The parties agree that the Horton household had five different automobile
insurance policies issued by State Farm covering five different vehicles. These policies were
purchased at various times between 1986 and 1996. The policies also had different named
insureds: three of the policies listed Albert Horton as the named insured; one policy was
issued to Mary Horton and her son, John C. Wilkinson; and the last policy was issued solely
to Mary's son, James Wilkinson, Jr. The parties agree that John and Mary Horton are
insureds under these policies.
(See footnote 1)
Each of the five policies contained underinsured motorist coverage, with limits
of $100,000.00 coverage for each person who was injured or died, up to $300,000.00 per
accident. The appellees demanded that State Farm stack the policies, and thereby provide
the per person limits of coverage for all five policies; in other words, the appellees asserted
that they were entitled to $200,000.00 from each policy, for a total of $1 million in coverage.
Furthermore, the appellees contended that the per accident limitation in the policy was
ambiguous, and that they were therefore entitled to $300,000.00 from each policy, for a total
of $1.5 million in available coverage.
State Farm, however, refused the appellees' demands. First, State Farm
pointed to anti-stacking language in each policy. That language stated:
If any other underinsured motor vehicle coverage issued by us
to you, your spouse, or any relative applies, the total limits of
liability under all such policies shall not exceed that of the
policy with the highest limit of liability.
Furthermore, State Farm stated, and the parties have stipulated for purposes of this appeal,
that it gave a multi-car discount for underinsured motorist coverage on each of the five
policies, a discount which State Farm argues that it gives whenever two or more private
passenger vehicles used by persons residing in the same household are insured by State Farm.
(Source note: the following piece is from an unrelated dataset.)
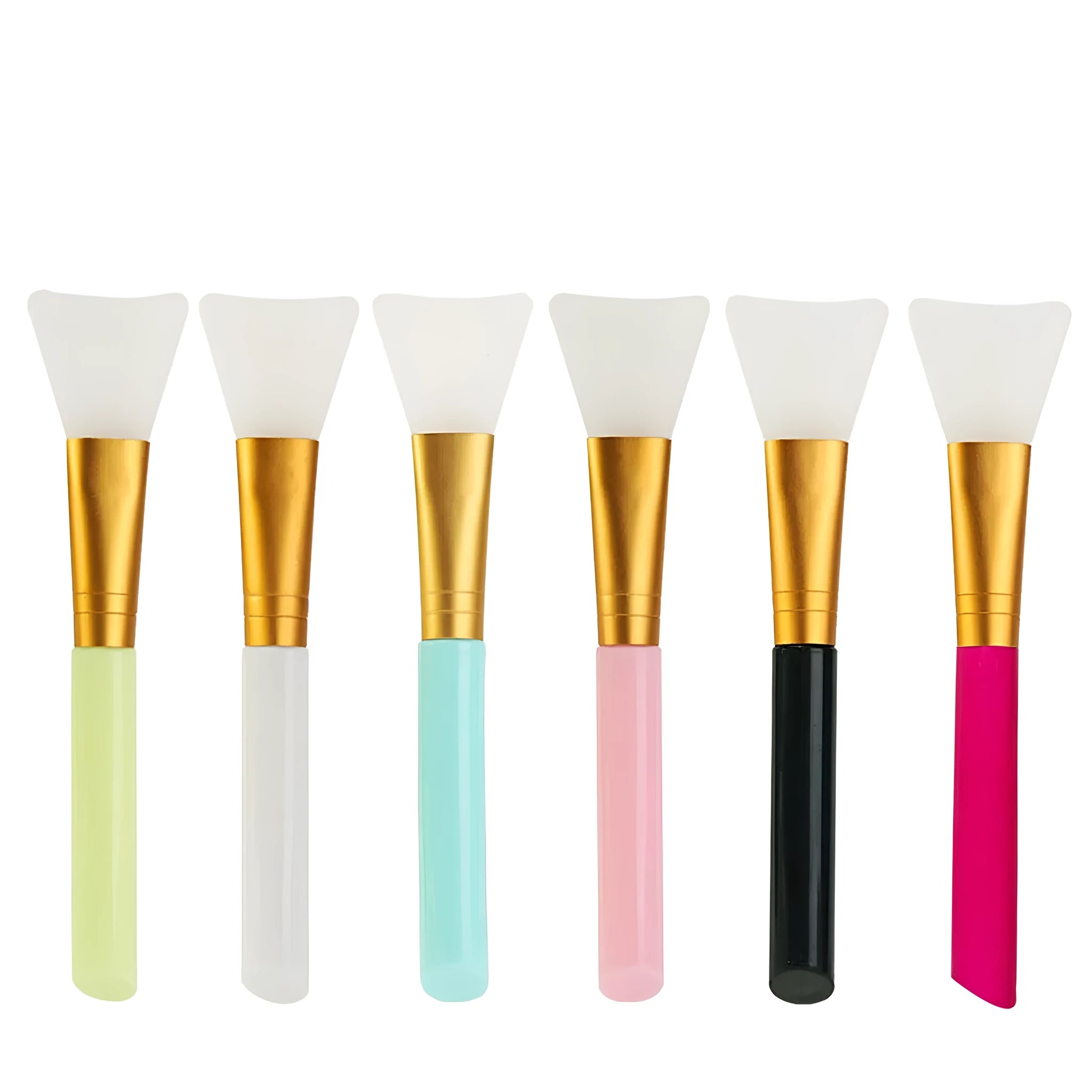 Reusable silicone face and body mask applicator spatula in six colour options.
In Russell v. State Auto Mut. Ins. Co., 188 W.Va. 81, 422 S.E.2d 803 (1992),
this Court concluded that anti-stacking language in an insurance policy is enforceable where
the insurance company gives the policyholder a multi-car discount. We stated that when a
multi-car discount [is] given, it is obvious that the insured appellee bargained for only one
policy and only one underinsurance motorist coverage endorsement. 188 W.Va. at 85, 422
S.E.2d at 807. On the basis of Russell and its progeny, State Farm asserted that the five
policies could not be stacked.
Furthermore, State Farm argued that the language regarding the policy limits
was not ambiguous. Accordingly, in 1997 State Farm paid the appellees $100,000.00 for the
claims of Mr. Horton, and $100,000.00 for the claims of Mrs. Horton.
State Farm filed a declaratory judgment action in the circuit court, and the
appellees filed motions for summary judgment. In an order dated October 3, 2000, the circuit
court concluded that the appellees could stack the available coverage under the five
underinsured motorist policies at issue.
The circuit court examined a 1995 amendment to W.Va. Code, 33-6-31(b)
which stated (with emphasis added):
Regardless of whether motor vehicle coverage is offered and
provided to an insured through a multiple vehicle insurance
policy or contract, or in separate single vehicle insurance
policies or contracts, no insurer or insurance company providing
a bargained for discount for multiple motor vehicles with
respect to underinsured motor vehicle coverage shall be treated
differently from any other insurer or insurance company
utilizing a single insurance policy or contract for multiple
covered vehicles for purposes of determining the total amount
of coverage available to an insured.
The circuit court found this statutory language was designed to specify the circumstances
where an insurer covering multiple vehicles with multiple policies _ such as State Farm in
this case _ could preclude the stacking of coverage under those policies. The circuit court
concluded that the statute required any multi-car discount to be 'bargained for' and not
unilaterally imposed.
The circuit court found that State Farm never provided any of the named
insureds on the five policies the option to reject and/or waive the multi-vehicle discount in
return for the availability of stacked underinsured motorist bodily injury coverage benefits
from State Farm or from another insurance company. The circuit court therefore held that
the multi-vehicle discount was not 'bargained for' by the deceased Plaintiffs as required
by W.Va. Code, 33-6-31(b), and that State Farm could not enforce the anti-stacking language
in the five policies.
After additional briefing by the parties, on April 4, 2002, the circuit court
entered an order finding the policy language concerning the each person and each
accident limits of the five policies to be ambiguous. The court construed the ambiguity
against State Farm and ruled, in essence, that the appellees were entitled to recover the
$300,000.00 each accident limits rather than the $100,000.00 each person limits. The
circuit court then entered a judgment order on May 13, 2002, ordering State Farm to pay
to the appellees the agreed-upon amount of damages, $1.3 million.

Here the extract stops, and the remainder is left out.